A Bolívia, sob a presidência do índio aimara Evo Morales, acaba de aprovar em referendo a nova constituição do país, com apoio de mais de 60% dos eleitores. E consagra os direitos da maioria indígena e a soberania nacional.

As mudanças políticas em curso na Bolívia têm consistência política, vêm de baixo para cima, amparadas na organização indígena e nas lutas históricas do povo boliviano, como a COB – Central Operário Boliviana. Mas agora podem estar amparadas também em elementos econômicos, como o gás natural e o lítio, como o foram uma vez a prata e o estanho. Só que a realidade política da Bolívia bem como da América do Sul estão mudando.

Francisco Quisbert, líder de um grupo de mineradores de sal e agricultores na periferia de Salar de Uyuni, maior depósito de sal do mundo, diz: “Sabemos que a Bolívia pode se tornar a Arábia Saudita do lítio. Somos pobres, mas não somos camponeses idiotas. O lítio pode ser da Bolívia, mas também é nossa propriedade”.

Segundo Saul Villegas, presidente de uma divisão da Comibol, agência do Estado que fiscaliza projetos de mineração, a visão de Evo Morales combina defesa dos índios bolivianos com defesa dos índios: “O modelo imperialista anterior de exploração de nossos recursos naturais nunca será repetido. Talvez haja a possibilidade de os estrangeiros serem aceitos como sócios minoritários ou, melhor ainda, como nossos clientes”.

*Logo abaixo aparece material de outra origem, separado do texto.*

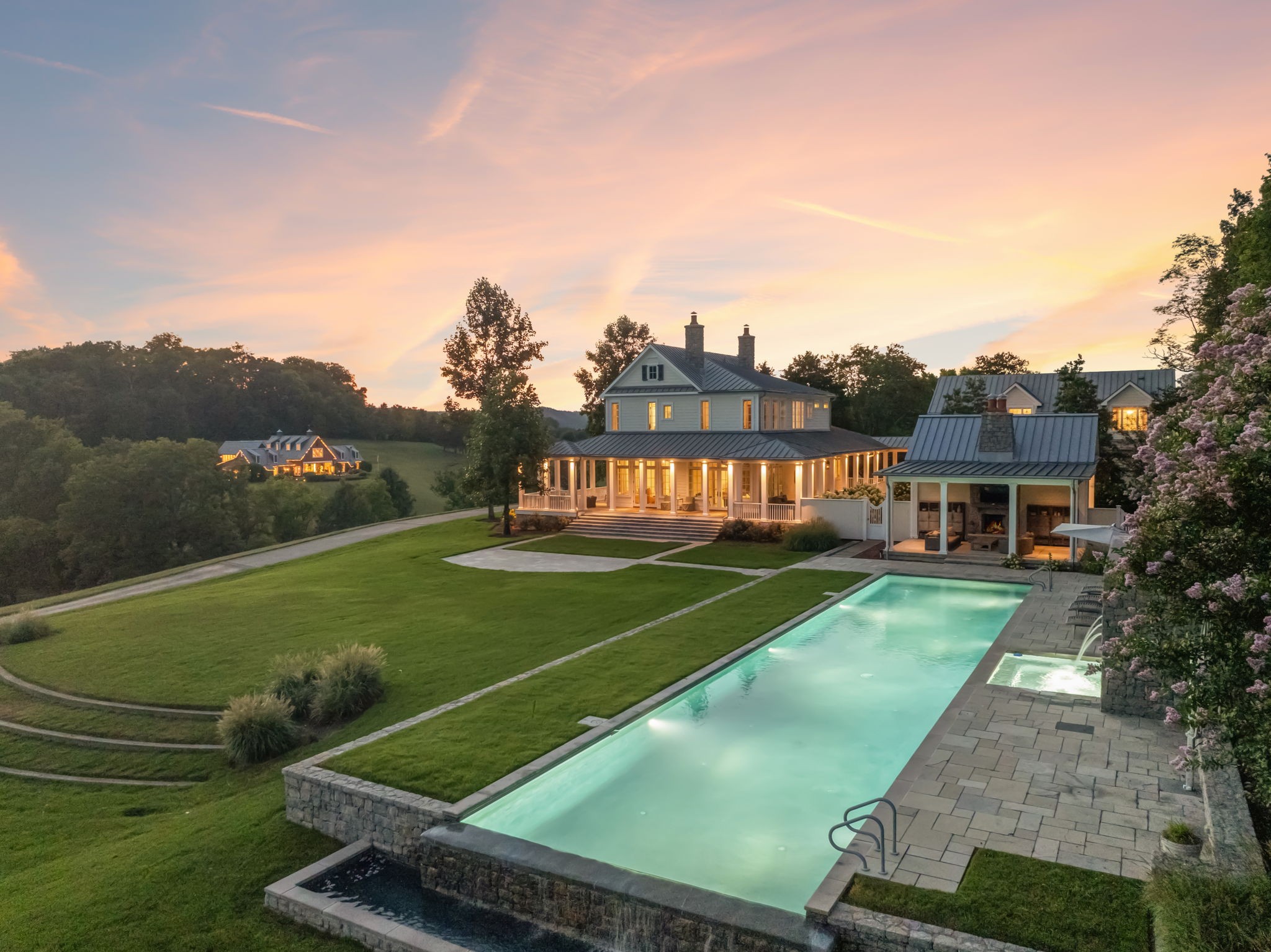 Surrounded by protected Tennessee Land Trust properties and just minutes from Leipers Fork Village, this luxury estate farm offers a rare blend of natural beauty and exquisite craftsmanship designed for effortless indoor and outdoor living. Nearly 40 acres showcase sweeping views of rolling hills, two stocked ponds, grazing pastures, an organic vegetable garden, walking trails, and endless privacy. Designed for both relaxation and entertaining, the estate features a saltwater infinity-edge pool, a Gavin Duke–designed poolside cabana with stone fireplace, and a stunning formal garden with fountain adjacent to the outdoor kitchen and dining area.

The main residence, 3385 Bailey Road, is as timeless as it is elegant. With its large wraparound porch, you’ll capture both sunrise and sunset. Inside, the home features a great room ideal for entertaining, three upstairs ensuite bedrooms, a main-level office/guest room, and a chef’s kitchen that serves as the heart of the home. Three fireplaces add warmth and character throughout. A full guest apartment with a private entrance, living room, kitchen, and bedroom sits above the oversized 3-car garage.

Across the property is the “77” Entertainment Barn, which is nothing short of extraordinary. Designed by architect Eric Stengel, this 5,300 sq. ft. masterpiece combines rustic character with refined luxury. Soaring ceilings frame an open space anchored by a grand imported bar with large video wall, and two stone fireplaces—perfect for both large and intimate gatherings. Two private bedroom suites, each with a fireplace, laundry, and kitchenette, flank the great room, while a game room, full upstairs catering kitchen, gym, bathroom, and oversized 2-car garage provide modern convenience. Adding to its prestige, a Gary Hedden–designed recording studio makes this barn a destination for creativity and entertainment. The “77” is truly one of Leipers Fork’s most remarkable spaces.
Option to purchase fully furnished.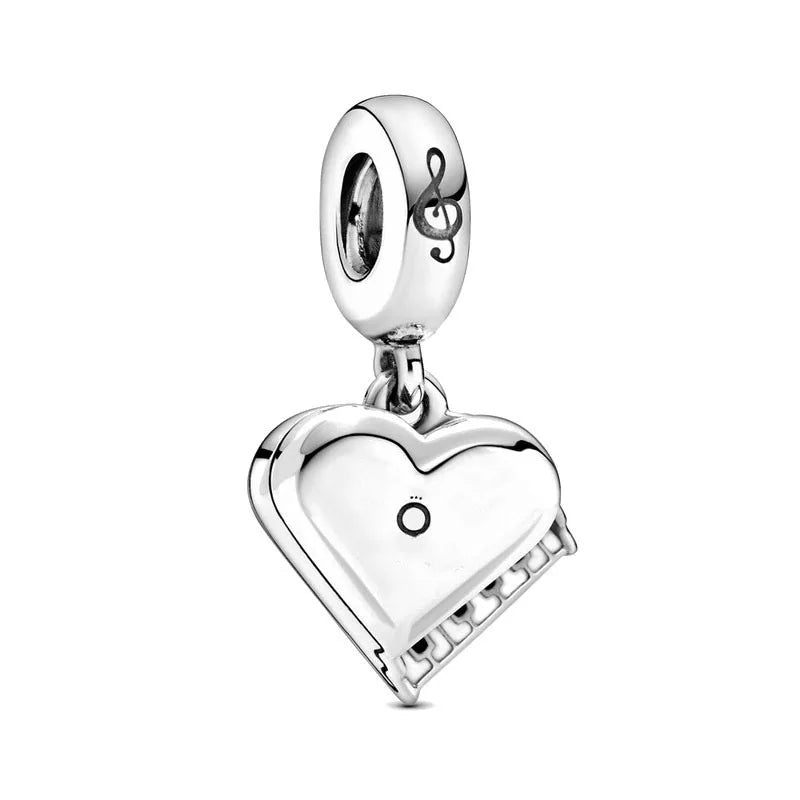 Sterling silver charm bead with heart-shaped cutout and small circle detail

A cobiça internacional está de olho na Bolívia. A Mitsubishi planeja produzir carros usando baterias de íon-lítio. A General Motor, em dificuldades nos EUA, planeja lançar seu Volt, carro que usa bateria de íon-lítio junto com um motor a gasolina. Nissan, Ford e BMW têm projetos semelhantes.

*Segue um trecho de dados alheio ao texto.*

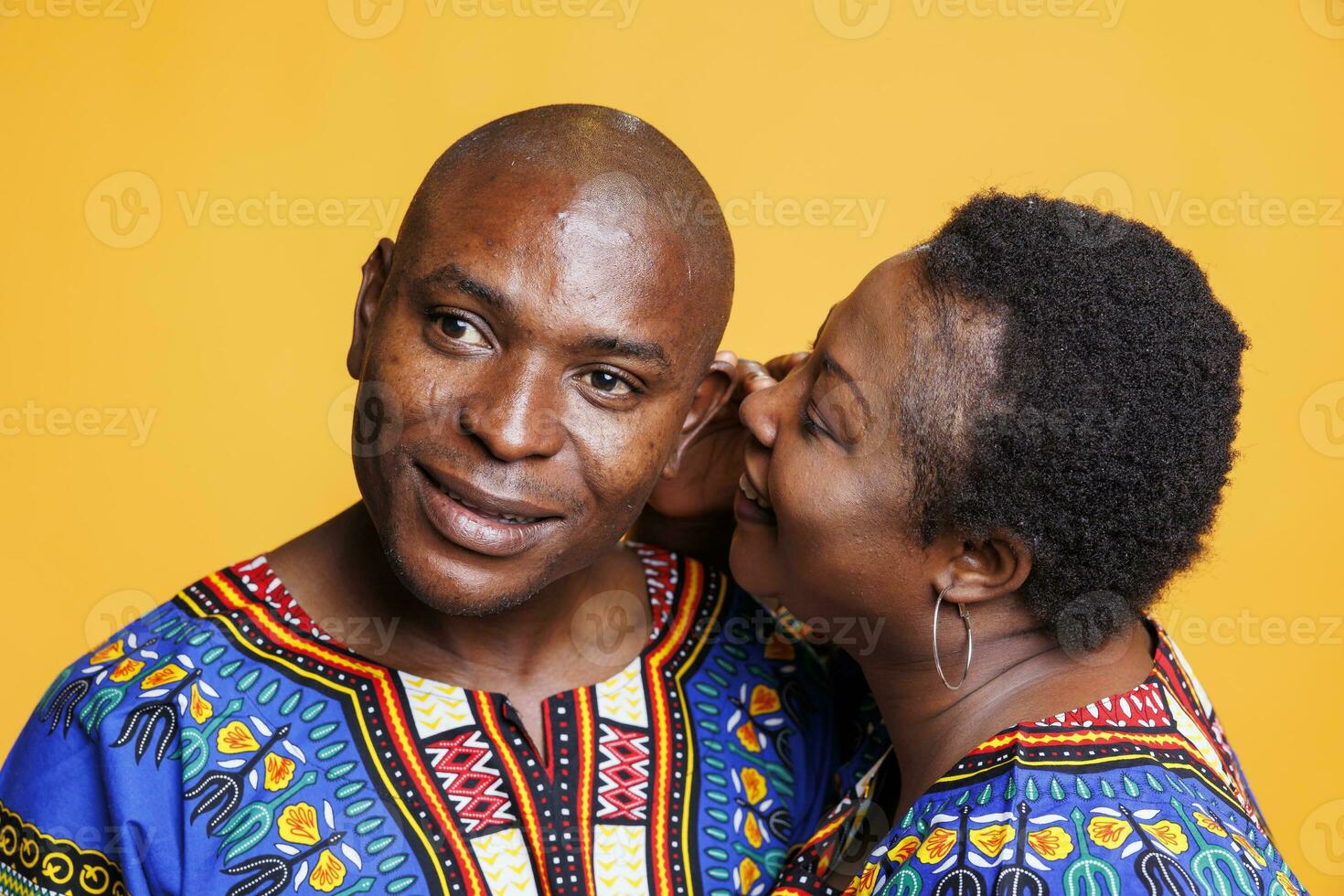 African american man and woman couple sharing secret, expressing love and affection. Black woman whispering to husband ear, telling private romantic message on studio background photo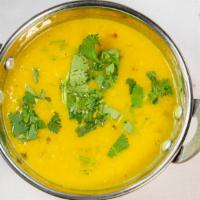 Tarka Dal · Yellow lentils cooked in butter and lightly topped with fresh garlic.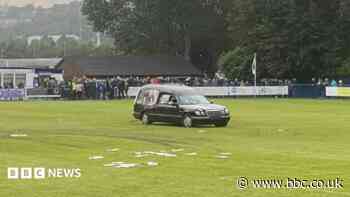Five charged over football pitch hearse disorder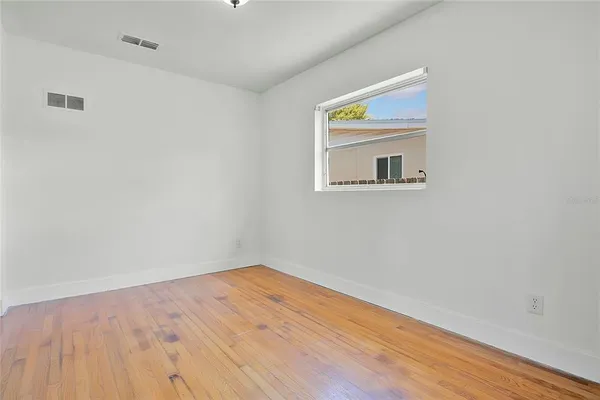 a room with a wooden floor and a window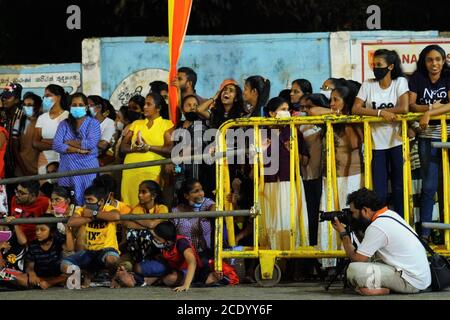 Colombo, Sri Lanka. 29th Aug, 2020. People watch the performance during an annual Buddhist procession at Kotte Rajamaha Viharaya, a historic Buddhist temple in Colombo, Sri Lanka, Aug. 29, 2020. The procession consists of traditional local dances and various cultural dances, in addition to the elephants that are usually adorned with lavish garments. Credit: Tang Lu/Xinhua/Alamy Live News Stock Photo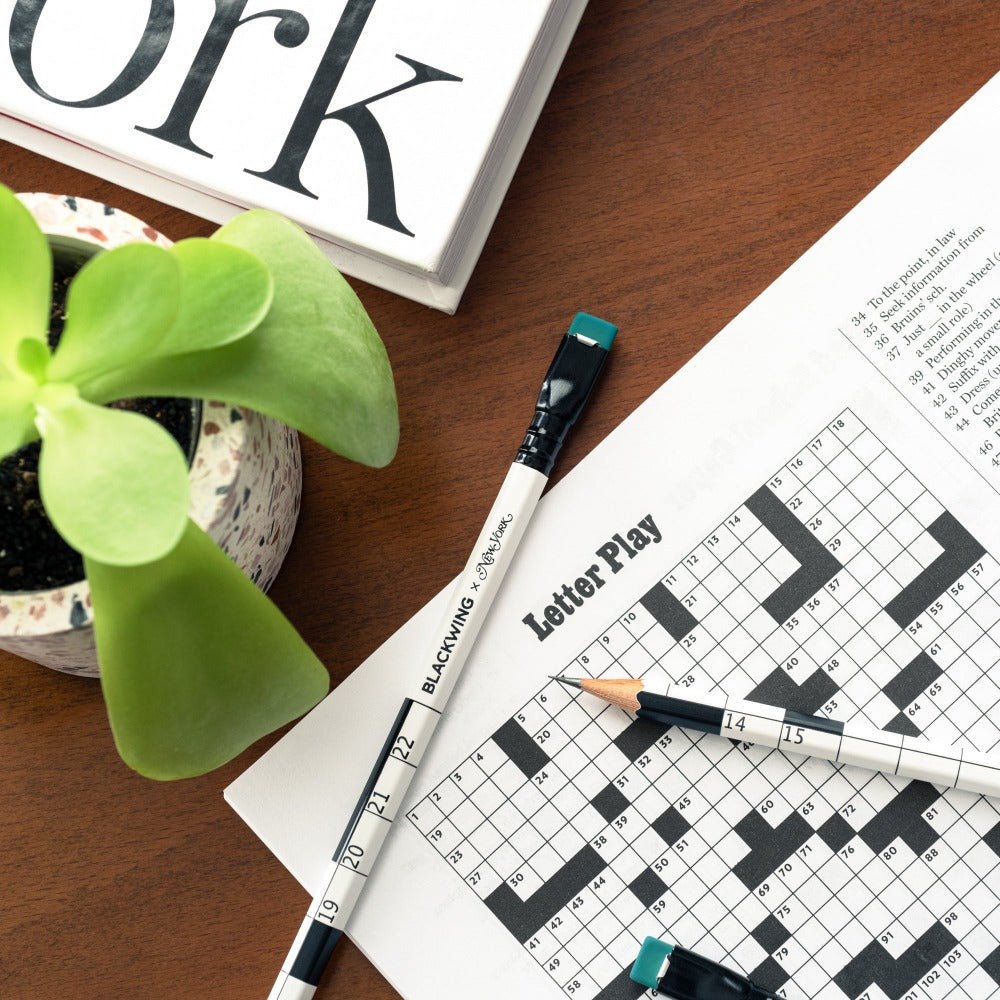 Blackwing x New York Magazine Crossword Puzzle Pencil sitting on a table with a crossword and plant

A organização do povo boliviano mais uma vez vai ser colocada à prova. Eduardo Galeano relata em As Veias Abertas da América Latina: “Em 1977, o general ditador Hugo Banzer dizia não à anistia dos presos, dos exilados e dos operários arrojados. Quatro mulheres e catorze meninos, vindos das minas de estanho para La Paz, iniciaram então uma greve de fome. 'Não é o momento propício, – opinaram o entendidos – já lhes diremos quando…' Elas sentaram-se no chão. 'Não estamos consultando – disseram as mulheres -. Estamos informando. A decisão está tomada. Greve de fome sempre tem lá na mina. É só nascer que já se começa a greve de fome. Por lá também haveremos de morrer. Mais lentamente, mas também haveremos de morrer.' O governo reagiu castigando, ameaçando: mas a greve de fome ativou forças contidas por muito tempo. A Bolívia inteira sacudiu-se e mostrou os dentes. Dez dias depois, não eram quatro mulheres e catorze meninos: mil e quatrocentos trabalhadores e estudantes levantaram-se em greve de fome. A ditadura sentiu que o solo abria-se debaixo dos pés. Foi arrancada a anistia geral” (pp. 289/290).

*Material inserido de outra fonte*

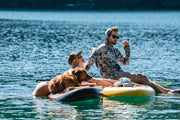 Men’s hooded UV sun shirt worn by swimmer, long sleeves, blue-green camo pattern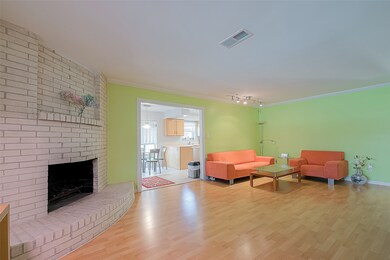 Large living space features a curved fireplace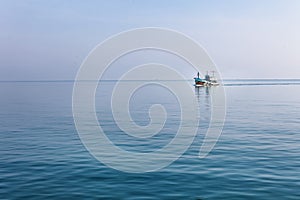 Lonely boat at Andaman blue sea in calm weather, Thailand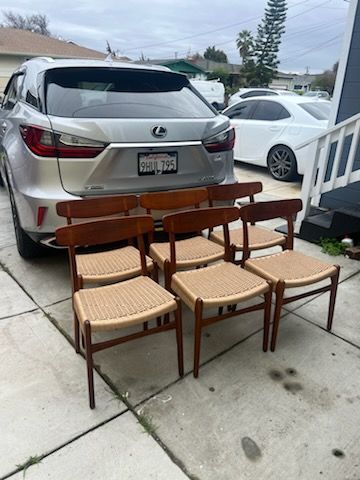 A group of chairs are sitting in front of a silver car.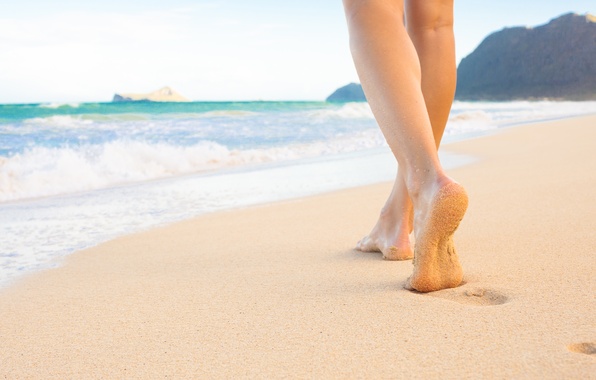 foot-on-the-beach-sand-sea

Nos tempos atuais, algo semelhante parece estar acontecendo ou poderá acontecer, se necessário. Segundo Marcelo Castro, gerente que fiscaliza o projeto de extração do lítio da Comibol, “é claro que o lítio é o mineral que vai nos levar à era pós-petróleo. Mas para trilhar esse caminho, precisamos gerar consciência revolucionária do povo, começando pelo chão dessa fábrica”.

Não por outro motivo, Marcelo Naves escreveu no Blog da Pastoral de Juventude da Diocese de Criciúma, no seu diário de bordo do FSM/2009 – Mística da Indignação, da Luta e do Amor, sobre o Seminário organizado no Fórum pela Rede TALHER de Educação Cidadã: “Foi emocionante ouvir o índio quéchua Diego Pari, vice-ministro de Educação Superior da Bolívia, sobre o processo de transformação que vem ocorrendo desde o MAS, passando pela eleição de Evo e culminando recentemente na vitória do plebiscito. O caminho, para Boaventura de Sousa Santos, pode ter como exemplo o processo boliviano que tem como sujeitos as raízes das Américas: os povos originários.”

Toda atenção, pois, à Bolívia. A Bolívia existe.